▶ **Brief**: Going from the line that contains "2024 Toyota RAV4 — photo 18" down to the last line in the listing below, reproduce every line exactly and include no others.

▶ **Material supplied**:
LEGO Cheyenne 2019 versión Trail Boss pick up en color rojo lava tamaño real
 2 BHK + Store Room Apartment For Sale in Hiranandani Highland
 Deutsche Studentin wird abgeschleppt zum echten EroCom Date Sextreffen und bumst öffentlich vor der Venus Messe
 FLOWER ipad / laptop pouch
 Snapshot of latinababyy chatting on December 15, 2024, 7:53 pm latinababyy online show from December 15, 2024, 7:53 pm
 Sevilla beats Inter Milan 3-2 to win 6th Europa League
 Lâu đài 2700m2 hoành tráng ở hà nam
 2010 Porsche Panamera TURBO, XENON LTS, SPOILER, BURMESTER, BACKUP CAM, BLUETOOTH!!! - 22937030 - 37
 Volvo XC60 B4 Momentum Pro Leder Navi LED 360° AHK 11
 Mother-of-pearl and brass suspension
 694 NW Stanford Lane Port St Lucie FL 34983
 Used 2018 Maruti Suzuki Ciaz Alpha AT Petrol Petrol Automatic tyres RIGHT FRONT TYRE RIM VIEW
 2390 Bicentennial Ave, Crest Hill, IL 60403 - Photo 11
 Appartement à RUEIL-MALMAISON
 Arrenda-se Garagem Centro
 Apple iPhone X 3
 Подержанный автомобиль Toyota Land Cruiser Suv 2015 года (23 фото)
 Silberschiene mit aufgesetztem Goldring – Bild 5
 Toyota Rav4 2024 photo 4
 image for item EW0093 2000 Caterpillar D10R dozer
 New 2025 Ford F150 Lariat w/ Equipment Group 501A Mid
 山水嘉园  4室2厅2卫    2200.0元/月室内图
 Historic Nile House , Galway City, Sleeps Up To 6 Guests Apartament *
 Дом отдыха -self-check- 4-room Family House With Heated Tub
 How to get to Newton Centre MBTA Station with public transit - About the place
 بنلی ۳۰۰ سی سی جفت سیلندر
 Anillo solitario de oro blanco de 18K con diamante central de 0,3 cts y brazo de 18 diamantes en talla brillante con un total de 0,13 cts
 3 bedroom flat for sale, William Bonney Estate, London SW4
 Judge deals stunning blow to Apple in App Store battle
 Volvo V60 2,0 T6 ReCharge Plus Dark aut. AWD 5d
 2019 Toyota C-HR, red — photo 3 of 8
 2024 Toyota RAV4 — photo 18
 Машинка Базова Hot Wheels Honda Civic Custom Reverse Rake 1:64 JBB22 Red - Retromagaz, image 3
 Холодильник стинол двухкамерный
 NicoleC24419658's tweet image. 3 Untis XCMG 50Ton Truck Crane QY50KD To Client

▶ **Response for this exercise**:
 2024 Toyota RAV4 — photo 18
 Машинка Базова Hot Wheels Honda Civic Custom Reverse Rake 1:64 JBB22 Red - Retromagaz, image 3
 Холодильник стинол двухкамерный
 NicoleC24419658's tweet image. 3 Untis XCMG 50Ton Truck Crane QY50KD To Client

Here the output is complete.